Ergün, modemlerde şifre-parola bilgileri ile birtakım uygulamaların birbirine bağlanabildiğini dile getirerek, bluetooth bağlantılarının ona göre ayarlanması gerektiğini kaydetti.
Kayıtlı cihazlar üzerinden illegal eylemlerde banka hesap veya IBAN bilgilerinin kırılabildiğine işaret eden Ergün, şu değerlendirmelerde bulundu:
"Ben 'Telefonumu ortaya bırakmıştım. Almışlar, kimin aldığını bilmiyorum. veya 'Telefonumdaki sosyal medya hesapları üçüncü kişi tarafından ele geçirilmişti, benim tarafımdan yazılmadı.' şeklinde olduğunda da savcılık 'Sosyal medya hesaplarının üçüncü kişilerin eline geçtiğine dair bir adli başvurun var mı? Savcılığa veya karakola gidip şikayette bulundun mu veya tutanağını getir.' diyebiliyor. Eğer adli mercilere bildirimde bulunmadıysa soruşturma konusu olduğu zaman 'Hesap bana ait değildir.' şeklinde yapılan savunma ispat edilemediği için ne yazık ki boşlukta kalıyor ve bu kişiler de aynı şekilde ceza alıyorlar."

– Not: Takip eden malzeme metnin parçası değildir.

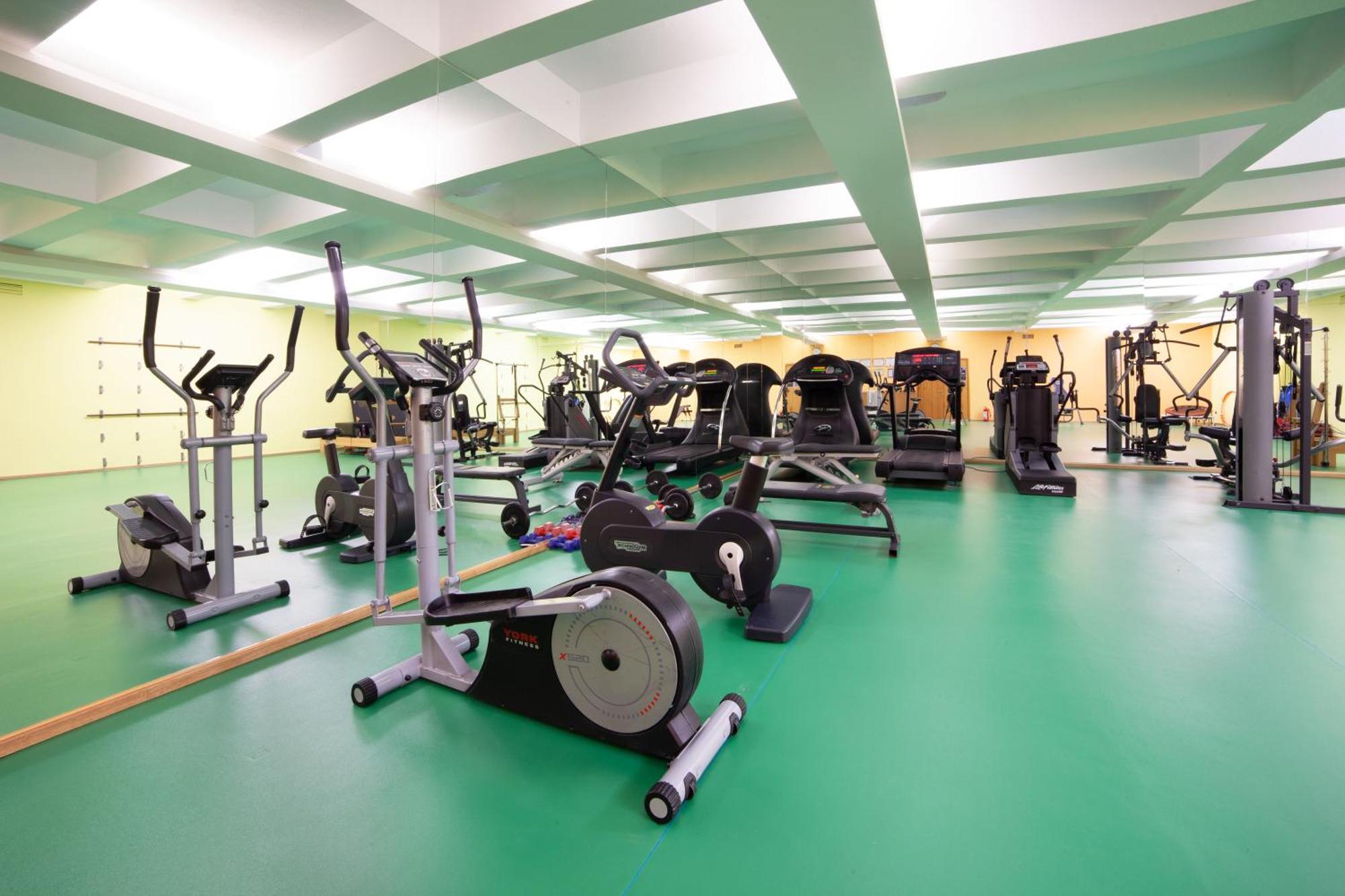 Hotel The Lifeco Bodrum Well-Being Detox Center And Vegan Hotel (Adults Only) Golturkbuku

Siber güvenlik uzmanı Sedat Coşkun da kontrol dışı durumların siber saldırganlara fırsat oluşturabileceğini söyledi.
Coşkun, "Mümkün mertebe telefonumuzu kimseye vermemeliyiz. Vermek zorundaysak iPhone veya Android sistemlerde yer alan uygulama kısıtlama özelliklerinden mutlaka yararlanılmalıdır." dedi.

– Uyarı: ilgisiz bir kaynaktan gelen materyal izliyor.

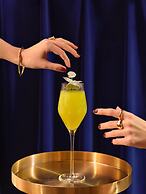The Lana - Dorchester Collection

Telefonun yabancı kişilere kısa süreliğine teslim edilmesinin ciddi sonuçlar doğurabileceğine işaret eden Coşkun, kötü niyetli kişilerin kısa sürede cihazlara "USB-C" kablo bağlantısıyla zararlı yazılım yükleyebileceğini anlattı.
Coşkun, "Telefonun içine yerleştirilen yazılımlar sayesinde kişisel verilerimize ulaşılabilir. Bu nedenle çok katmanlı güvenlik önlemleri şart. Kullanıcıların, mobil cihaz ekranlarına ek olarak uygulamalara özel şifrelemeler, parmak izi ve yüz tanıma gibi biyometrik yöntemleri aktif şekilde kullanmaları önem arz ediyor." diye konuştu.
Siber saldırılara karşı en sık karşılaşılan güvenlik açıklarının en başında tahmin edilmesi kolay şifrelerin geldiğine dikkati çeken Coşkun, şöyle devam etti:
"123456, 369, 963 gibi kombinasyonlar hala yaygın. Bu şifreler günlük hayatta kullanıcılara kolaylık sağlıyor olabilir ancak bunlar siber saldırganlar tarafından ilk denenenler arasında. Bu sebeple kullanıcılar kesinlikle kolay bir şifre oluşturmamalı. Bir banka uygulamasında sadece tek bir şifreye güvenmek yeterli değil. Mobil bankacılık gibi hassas uygulamalarda katmanlı şifreleme şart. Mutlaka yüz tanıma sistemi ve iki faktörlü kimlik doğrulama sistemleri kullanılmalı."
Coşkun, sıklıkla kullanılmaya başlayan yapay zeka teknolojilerinin siber tehditleri artırabileceğini, özellikle ses ve yüz tanıma sistemlerinin yapay zeka yoluyla taklit edilebildiğini anlattı.
Üç boyutlu yazıcılarla yüz modellemesinin, ses klonlama yazılımları gibi teknolojilerin kimlik doğrulama sistemlerini tehdit eder hale geldiğine işaret eden Coşkun, "Yapay zeka, saniyede milyonlarca şifre kombinasyonu deneyebilen yazılımlar üretilebilmesine de imkan sağlıyor. Saniyede 1 milyon kombinasyon deneme kapasitesine sahip yapay zeka sistemleri büyük bir siber güvenlik tehdidi oluşturuyor." uyarısında bulundu.
Vatandaşların başlarına bir olay gelmeden önce izlemeleri gereken hukuki süreçler konusunda bilinçlenmeleri gerektiğini dile getiren Coşkun, emniyet birimlerinin konum takibi ile dijital iz sürme gibi tekniklerde çok başarılı olduğunu sözlerine ekledi.